About this task >>
For the copy, please give all of the data again exactly and leave the pictures out.

※

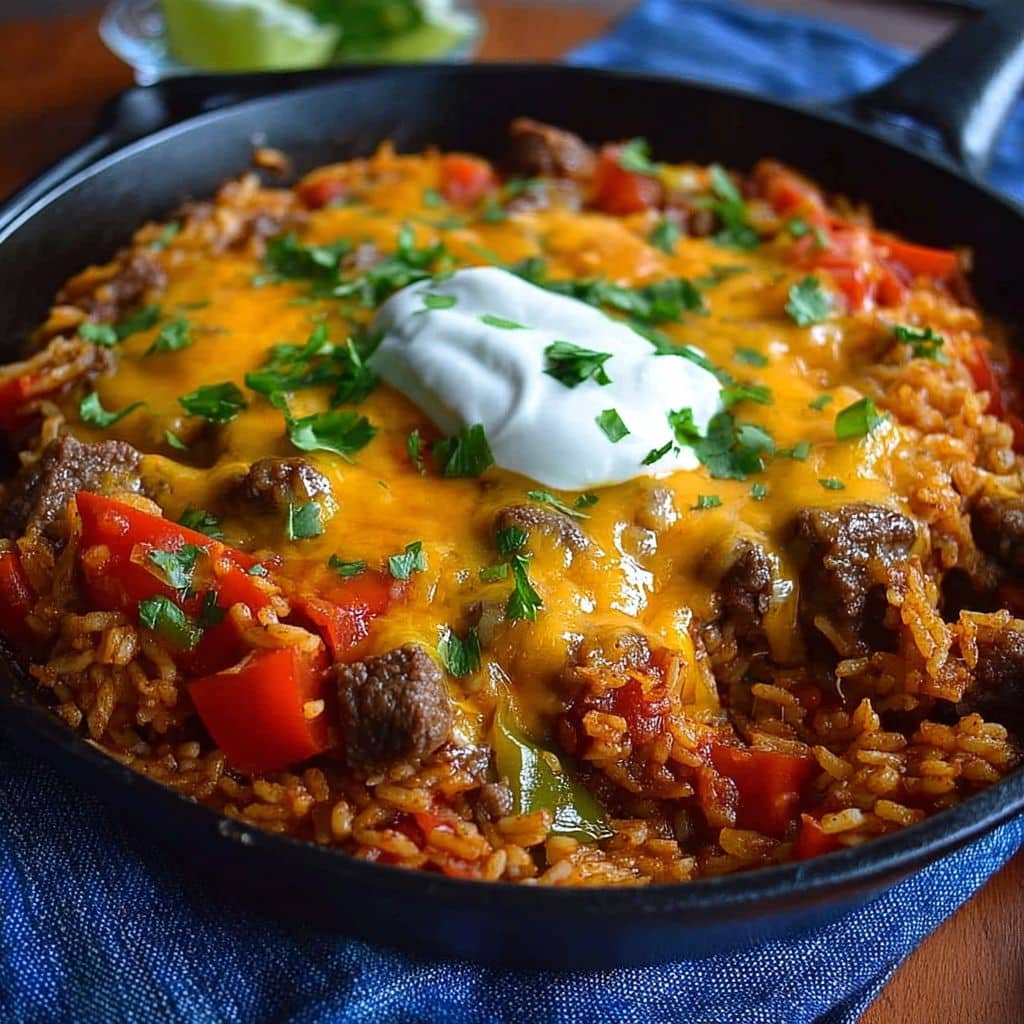 cheesy beef fajita dirty rice casserole with melted cheddar and sour cream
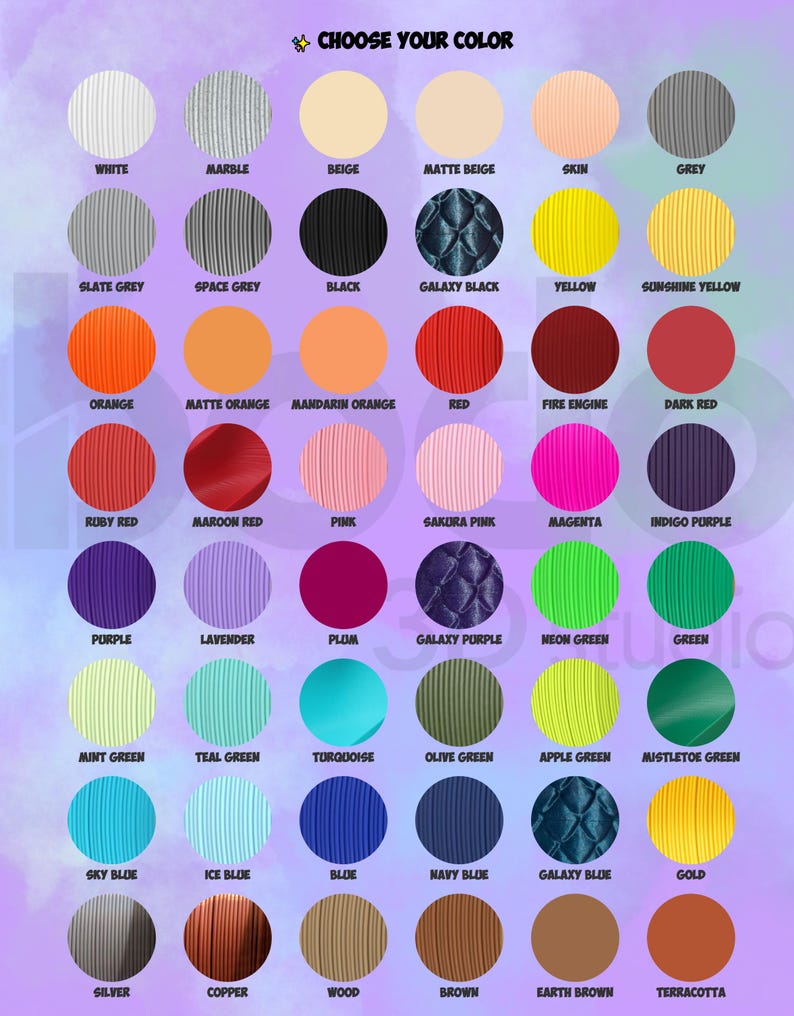 May include: A color chart with a variety of hues, including white, black, red, and blue. The text "CHOOSE YOUR COLOR" is at the top. Each color is displayed in a circular shape, with names like "Marble," "Pink," and "Gold."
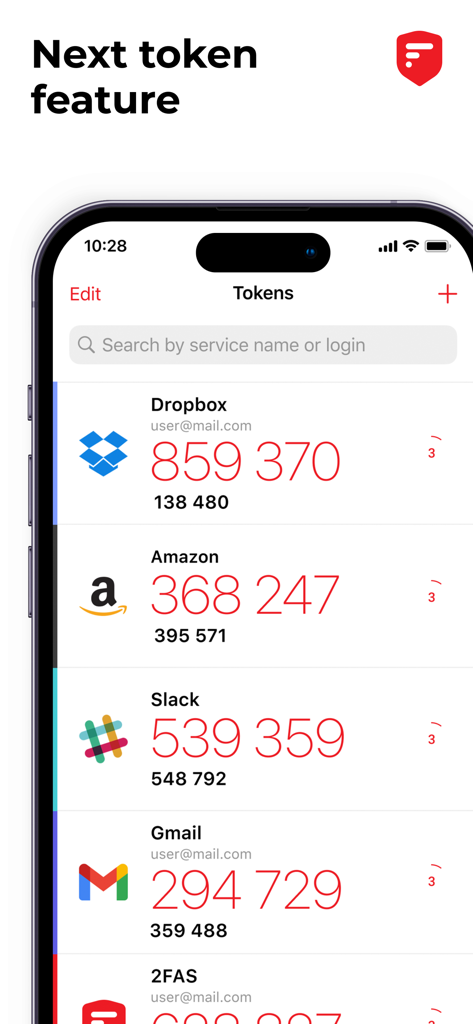 2FA Authenticator (2FAS) - 여러 계정에 대한 현재 및 다음 보안 코드를 보여주는 2FAS 앱 인터페이스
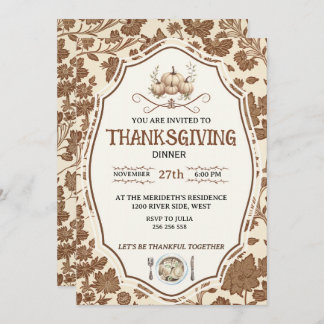 Invitation Vintage Floral Thanksgiving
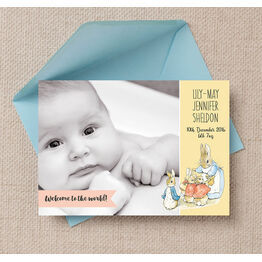 Flopsy Bunny Photo Birth Announcement Card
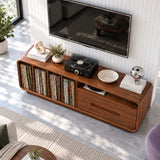 Designed for music lovers, this solid wood media unit stores records and gear neatly
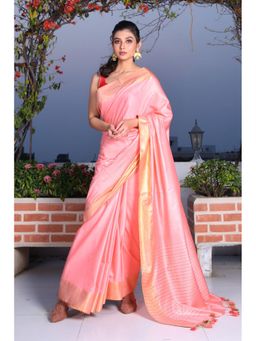 CHARUKRITI - Pink Blended Cotton Saree with Unstitched Blouse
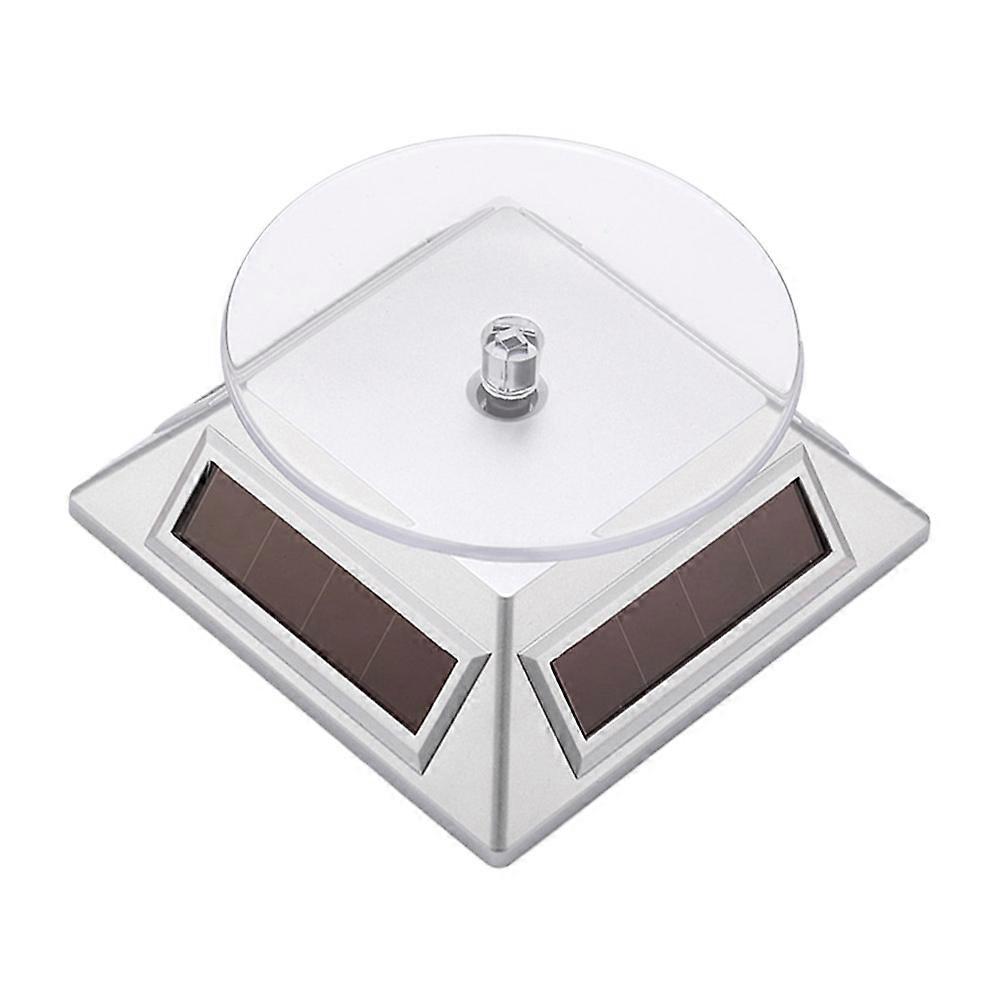 Solar Display Platform Battery Power Rotating Platform Jewelry Display Stand without Battery Silver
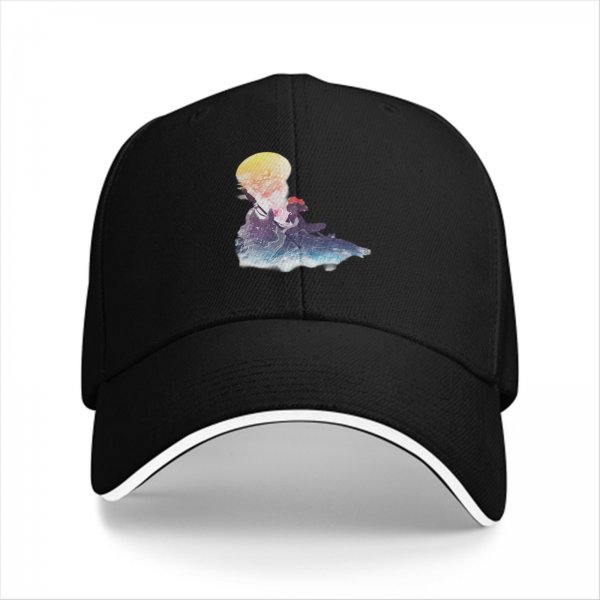 Black Baseball Cap With Watercolor Moon And Silhouette Art Print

※

Finished exercise >>
 cheesy beef fajita dirty rice casserole with melted cheddar and sour cream
 May include: A color chart with a variety of hues, including white, black, red, and blue. The text "CHOOSE YOUR COLOR" is at the top. Each color is displayed in a circular shape, with names like "Marble," "Pink," and "Gold."
 2FA Authenticator (2FAS) - 여러 계정에 대한 현재 및 다음 보안 코드를 보여주는 2FAS 앱 인터페이스
 Invitation Vintage Floral Thanksgiving
 Flopsy Bunny Photo Birth Announcement Card
 Designed for music lovers, this solid wood media unit stores records and gear neatly
 CHARUKRITI - Pink Blended Cotton Saree with Unstitched Blouse
 Solar Display Platform Battery Power Rotating Platform Jewelry Display Stand without Battery Silver
 Black Baseball Cap With Watercolor Moon And Silhouette Art Print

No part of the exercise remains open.